Re: Simultaneous gc and repack
- Date: Thu, 13 Apr 2017 11:03:14 -0700
- From: Jacob Keller <jacob.keller@xxxxxxxxx>
- Subject: Re: Simultaneous gc and repack
On Thu, Apr 13, 2017 at 10:31 AM, David Turner <novalis@xxxxxxxxxxx> wrote:
> Git gc locks the repository (using a gc.pid file) so that other gcs
> don't run concurrently. But git repack doesn't respect this lock, so
> it's possible to have a repack running at the same time as a gc.

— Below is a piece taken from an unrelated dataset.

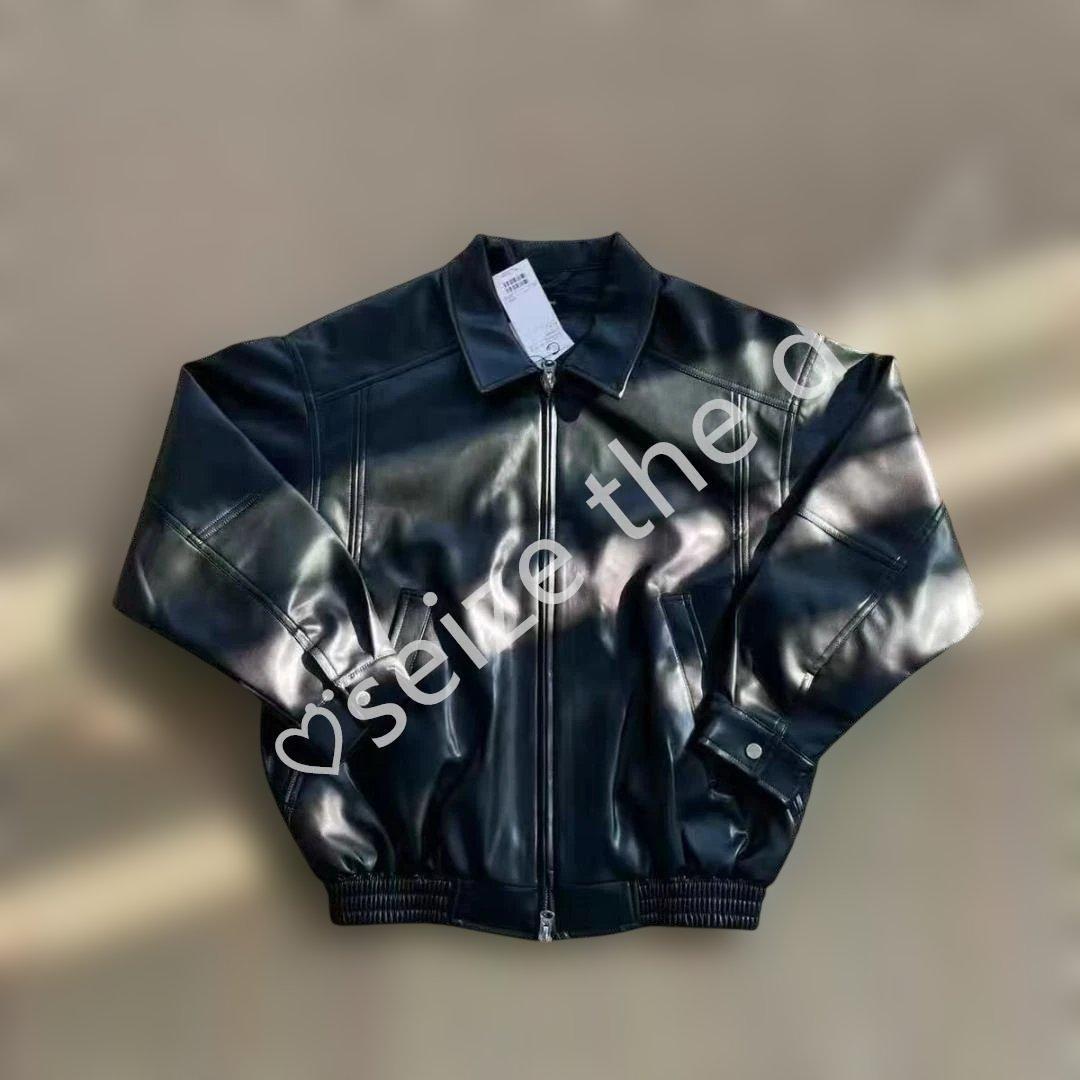 BEAMS ビームス　レザーブルゾン　レザージャケット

This
> makes the gc sad when its packs are deleted out from under it with:
> "fatal: ./objects/pack/pack-$sha.pack cannot be accessed". Then it
> dies, leaving a large temp file hanging around.
> Does the following seem reasonable?
> 1. Make git repack, by default, check for a gc.pid file (using the same
> logic as git gc itself does).
> 2. Provide a --force option to git repack to ignore said check.

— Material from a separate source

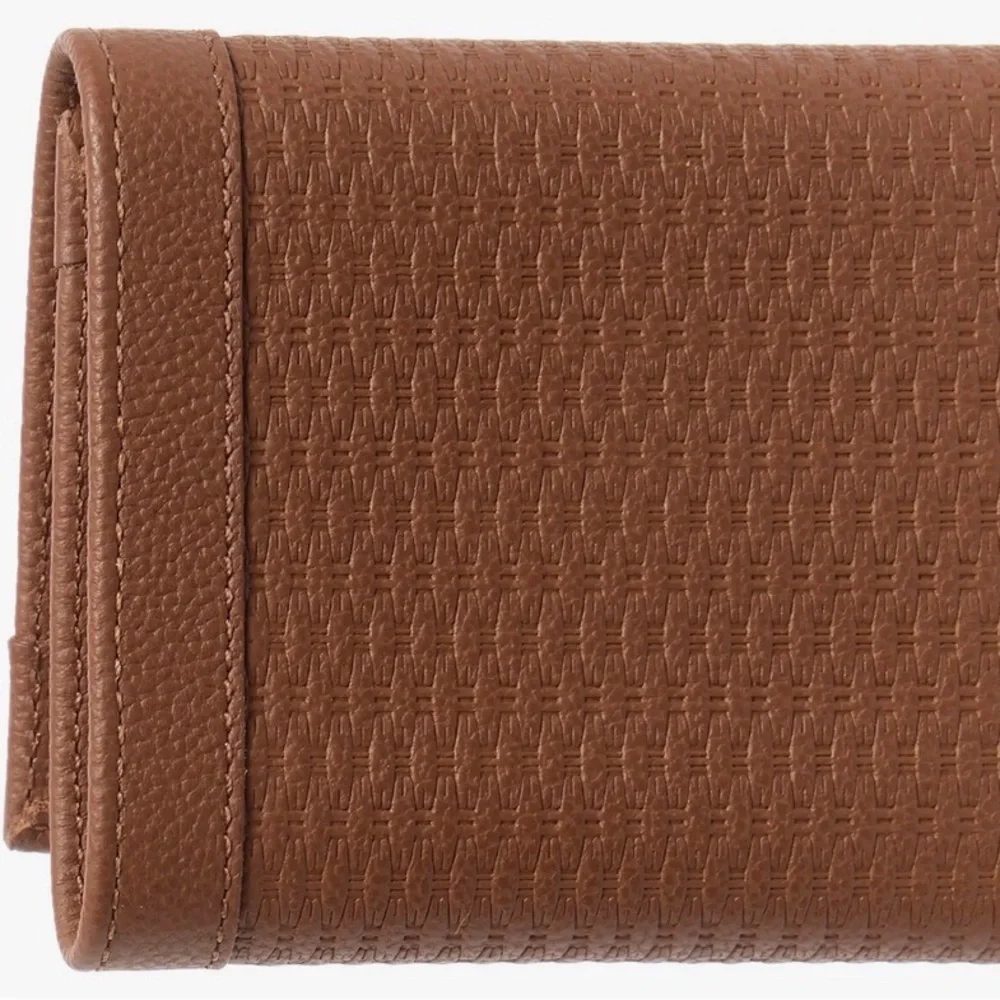 Tommy Bahama Basket Weave Leather Trifold Wallet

> 3. Make git gc provide that --force option when it calls repack under
> its own lock.
What about just making the code that calls repack today just call gc
instead? I guess it's more work if you don't strictly need it but..?
> This came up because Gitlab runs a repack after every N pushes and a gc
> after every M commits, where M >> N. Sometimes, when pushes come in
> rapidly, the repack catches the still-running gc and the above badness
> happens. At least, that's my understanding: I don't run our Gitlab
> servers, but I talked to the person who does and that's what he said.
> Of course, Gitlab could do its own locking, but the general approach
> seems like it would help other folks too.